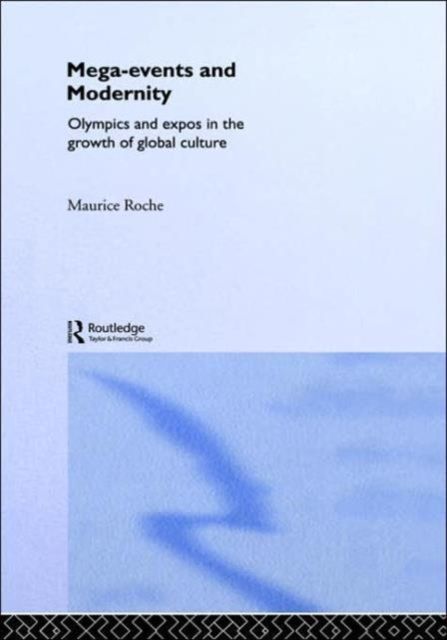 Megaevents and Modernity : Olympics and Expos in the Growth of Global Culture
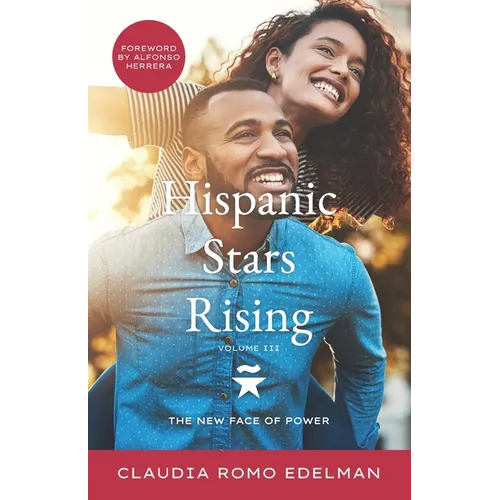 Hispanic Stars Rising Volume III: The New Face of Power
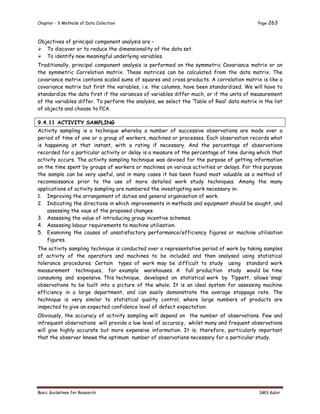 Chapter - 9 Methods of Data Collection Page 263
Basic Guidelines for Research SMS Kabir
Objectives of principal component analysis are –
 To discover or to reduce the dimensionality of the data set.
 To identify new meaningful underlying variables.
Traditionally, principal component analysis is performed on the symmetric Covariance matrix or on
the symmetric Correlation matrix. These matrices can be calculated from the data matrix. The
covariance matrix contains scaled sums of squares and cross products. A correlation matrix is like a
covariance matrix but first the variables, i.e. the columns, have been standardized. We will have to
standardize the data first if the variances of variables differ much, or if the units of measurement
of the variables differ. To perform the analysis, we select the ‘Table of Real’ data matrix in the list
of objects and choose to PCA.
9.4.11 ACTIVITY SAMPLING
Activity sampling is a technique whereby a number of successive observations are made over a
period of time of one or a group of workers, machines or processes. Each observation records what
is happening at that instant, with a rating if necessary. And the percentage of observations
recorded for a particular activity or delay is a measure of the percentage of time during which that
activity occurs. The activity sampling technique was devised for the purpose of getting information
on the time spent by groups of workers or machines on various activities or delays. For this purpose
the sample can be very useful, and in many cases it has been found most valuable as a method of
reconnaissance prior to the use of more detailed work study techniques. Among the many
applications of activity sampling are numbered the investigating work necessary in-
1. Improving the arrangement of duties and general organisation of work.
2. Indicating the directions in which improvements in methods and equipment should be sought, and
assessing the vaue of the proposed changes.
3. Assessing the value of introducing group incentive schemes.
4. Assessing labour requirements to machine utilisation.
5. Examining the causes of unsatisfactory performance/efficiency figures or machine utilisation
figures.
The activity sampling technique is conducted over a representative period of work by taking samples
of activity of the operators and machines to be included and then analysed using statistical
tolerance procedures. Certain types of work may be difficult to study using standard work
measurement techniques, for example warehouses. A full production study would be time
consuming and expensive. This technique, developed on statistical work by Tippett, allows ‘snap’
observations to be built into a picture of the whole. It is an ideal system for assessing machine
efficiency in a large department, and can easily demonstrate the average stoppage rate. The
technique is very similar to statistical quality control, where large numbers of products are
inspected to give an expected confidence level of defect expectation.
Obviously, the accuracy of activity sampling will depend on the number of observations. Few and
infrequent observations will provide a low level of accuracy, whilst many and frequent observations
will give highly accurate but more expensive information. It is, therefore, particularly important
that the observer knows the optimum number of observations necessary for a particular study.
==========
> _Task prompt_:
A faithful, picture-free copy of the material is what this task asks for.

> _Expected answer_:
 Megaevents and Modernity : Olympics and Expos in the Growth of Global Culture
 Hispanic Stars Rising Volume III: The New Face of Power
 Chapter - 9 Methods of Data Collection Page 263
Basic Guidelines for Research SMS Kabir
Objectives of principal component analysis are –
 To discover or to reduce the dimensionality of the data set.
 To identify new meaningful underlying variables.
Traditionally, principal component analysis is performed on the symmetric Covariance matrix or on
the symmetric Correlation matrix. These matrices can be calculated from the data matrix. The
covariance matrix contains scaled sums of squares and cross products. A correlation matrix is like a
covariance matrix but first the variables, i.e. the columns, have been standardized. We will have to
standardize the data first if the variances of variables differ much, or if the units of measurement
of the variables differ. To perform the analysis, we select the ‘Table of Real’ data matrix in the list
of objects and choose to PCA.
9.4.11 ACTIVITY SAMPLING
Activity sampling is a technique whereby a number of successive observations are made over a
period of time of one or a group of workers, machines or processes. Each observation records what
is happening at that instant, with a rating if necessary. And the percentage of observations
recorded for a particular activity or delay is a measure of the percentage of time during which that
activity occurs. The activity sampling technique was devised for the purpose of getting information
on the time spent by groups of workers or machines on various activities or delays. For this purpose
the sample can be very useful, and in many cases it has been found most valuable as a method of
reconnaissance prior to the use of more detailed work study techniques. Among the many
applications of activity sampling are numbered the investigating work necessary in-
1. Improving the arrangement of duties and general organisation of work.
2. Indicating the directions in which improvements in methods and equipment should be sought, and
assessing the vaue of the proposed changes.
3. Assessing the value of introducing group incentive schemes.
4. Assessing labour requirements to machine utilisation.
5. Examining the causes of unsatisfactory performance/efficiency figures or machine utilisation
figures.
The activity sampling technique is conducted over a representative period of work by taking samples
of activity of the operators and machines to be included and then analysed using statistical
tolerance procedures. Certain types of work may be difficult to study using standard work
measurement techniques, for example warehouses. A full production study would be time
consuming and expensive. This technique, developed on statistical work by Tippett, allows ‘snap’
observations to be built into a picture of the whole. It is an ideal system for assessing machine
efficiency in a large department, and can easily demonstrate the average stoppage rate. The
technique is very similar to statistical quality control, where large numbers of products are
inspected to give an expected confidence level of defect expectation.
Obviously, the accuracy of activity sampling will depend on the number of observations. Few and
infrequent observations will provide a low level of accuracy, whilst many and frequent observations
will give highly accurate but more expensive information. It is, therefore, particularly important
that the observer knows the optimum number of observations necessary for a particular study.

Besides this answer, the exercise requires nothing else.